本発明は、こうした実情に鑑みてなされたものであり、その目的は、より簡便で安全な方法で血圧を測定することが可能な動静脈圧測定装置を提供することにある。
【課題を解決するための手段】
【0005】
上記課題を解決する動静脈圧測定装置は、流体流入部と、流体排出部と、圧力検出部と、容量検出部と、演算部と、を備える。流体流入部は、被験者に装着された圧迫帯の内部に流体を流入することにより圧迫帯の内部の圧力を上昇させる。流体排出部は、圧迫帯の内部から流体を排出することにより圧迫帯の内部の圧力を低下させる。圧力検出部は、圧迫帯の内部圧力を検出する。容量検出部は、圧迫帯の内部に存在する流体の容量を検出する。

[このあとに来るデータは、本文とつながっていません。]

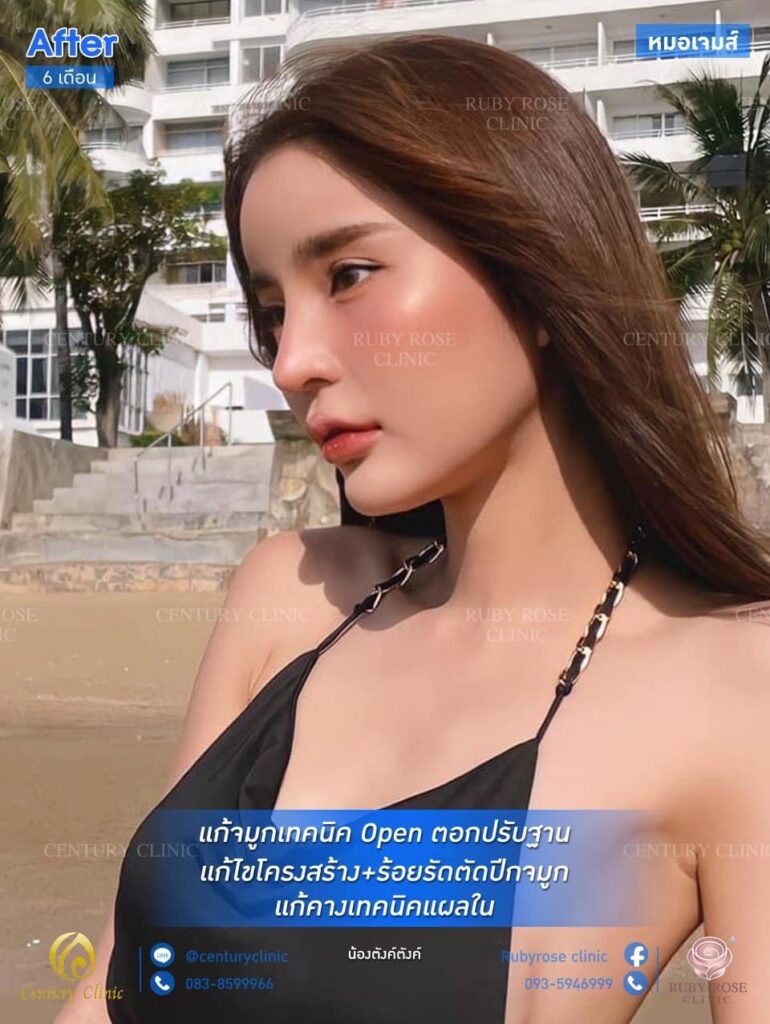 รีวิว แก้จมูก #115 , Century Clinic Thailand รีวิว แก้จมูก 2#115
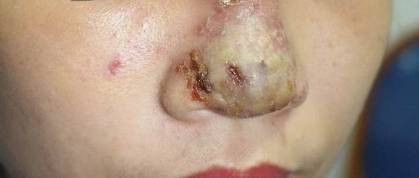 Liên tiếp các ca tai biến thẩm mỹ do tiêm chất làm đầy môi, mắt ảnh 3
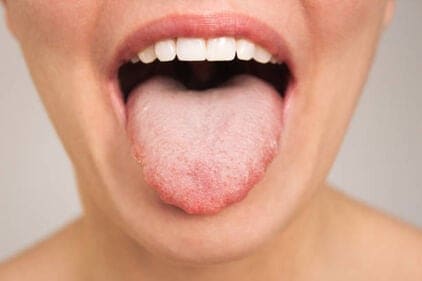 Witte tong? Dit zegt het over je gezondheid!
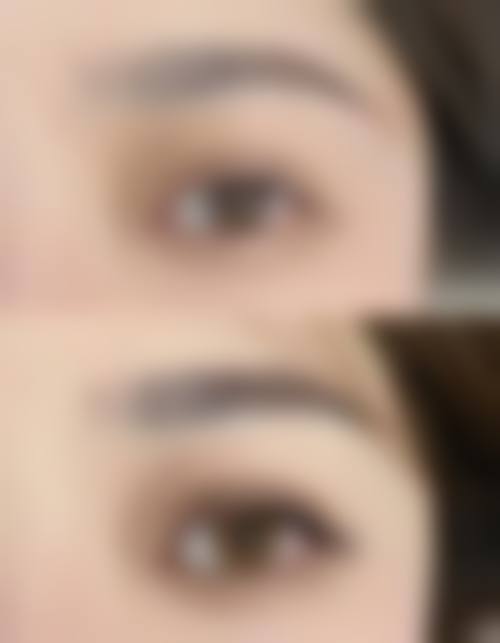 四、保定熙朵植发特色项目及技术优势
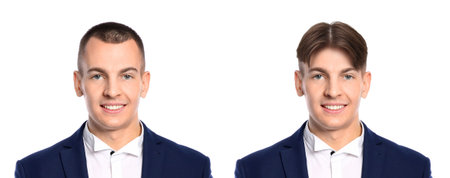 Man before and after wearing wig or hair treatment, collage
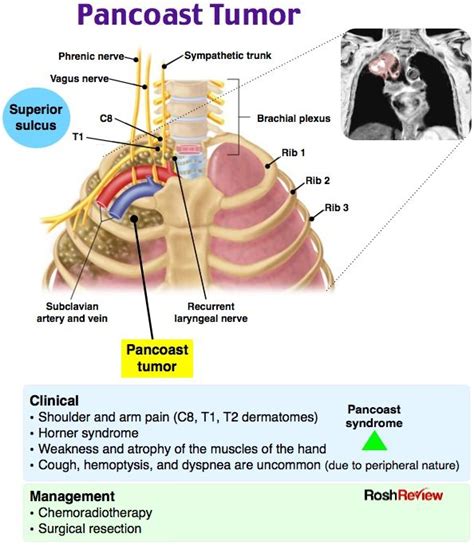 Pancoast Tumor | Medical knowledge, Medical radiography, Medical ...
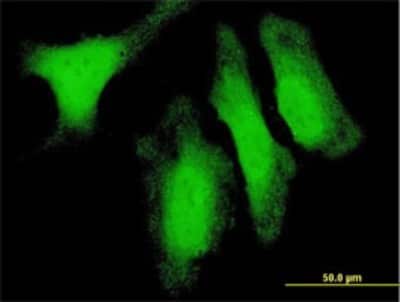 Immunocytochemistry/Immunofluorescence: DUSP14 Antibody (4B5-E6) [H00011072-M02] - Analysis of monoclonal antibody to DUSP14 on HeLa cell . Antibody concentration 10 ug/ml.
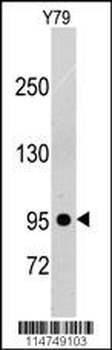 PDGFRB Antibody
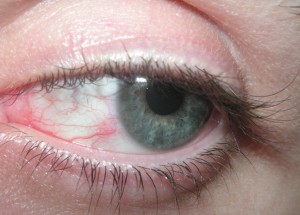 eye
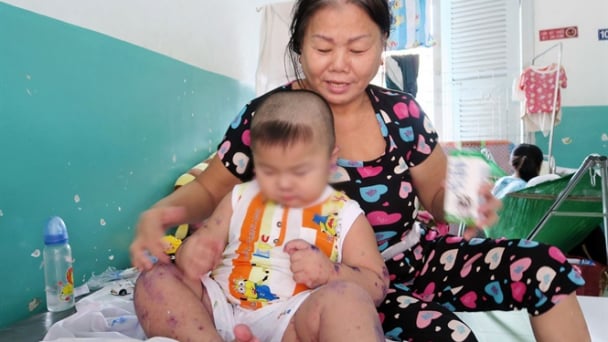 Tăng cường phòng chống dịch bệnh truyền nhiễm mùa mưa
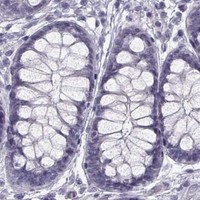 HPA IHC Colon — CASR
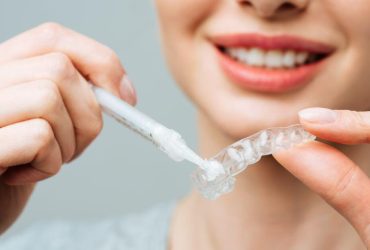 Mascherina per lo sbiancamento dei denti: come funziona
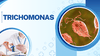 Trichomoniasis Là Bệnh Gì? Lây Qua Đâu Và Dấu Hiệu Cần Nhận Biết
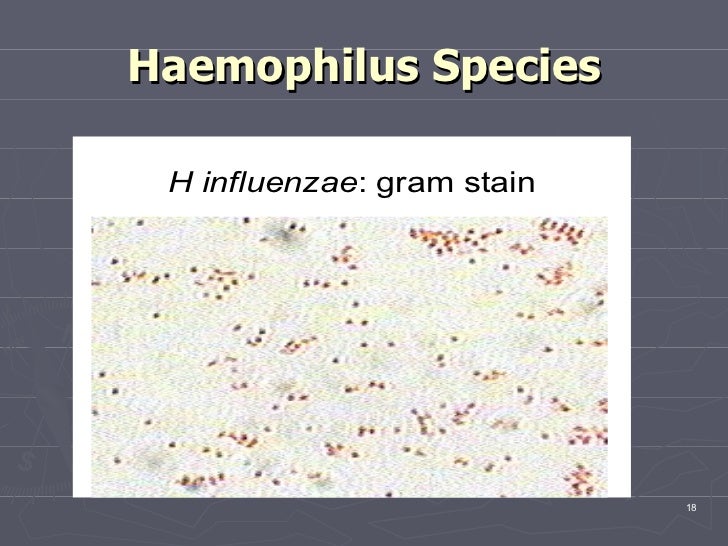 Haemophilus species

演算部は、圧迫帯の内部から流体を排出させている際に圧力検出部により検出される圧迫帯の内部圧力と、容量検出部により検出される圧迫帯の流体容量とに基づいて被験者の血圧を演算する。
【0006】
この構成によれば、被験者にカテーテル等を挿入することなく、すなわち非侵襲的に被験者の血圧を検出することができるため、より簡便で安全な方法で血圧を計測することが可能である。
【発明の効果】
【0007】
本発明の動静脈圧測定装置によれば、より簡便で安全な方法で血圧を測定することが可能となる。
【図面の簡単な説明】
【0008】
図1】第1実施形態の動静脈圧測定装置の概略構成を示すブロック図。
図2】圧迫帯から空気が排出されている際の圧迫帯の内部圧力に対する内部空気容量の推移を示すグラフ。
図3】圧迫帯から空気が排出されている際の圧迫帯の内部圧力に対する内部空気容量の推移を示すグラフ。
図4】圧迫帯から空気が排出されている際の圧迫帯の内部圧力に対する一次微分値の推移を示すグラフ。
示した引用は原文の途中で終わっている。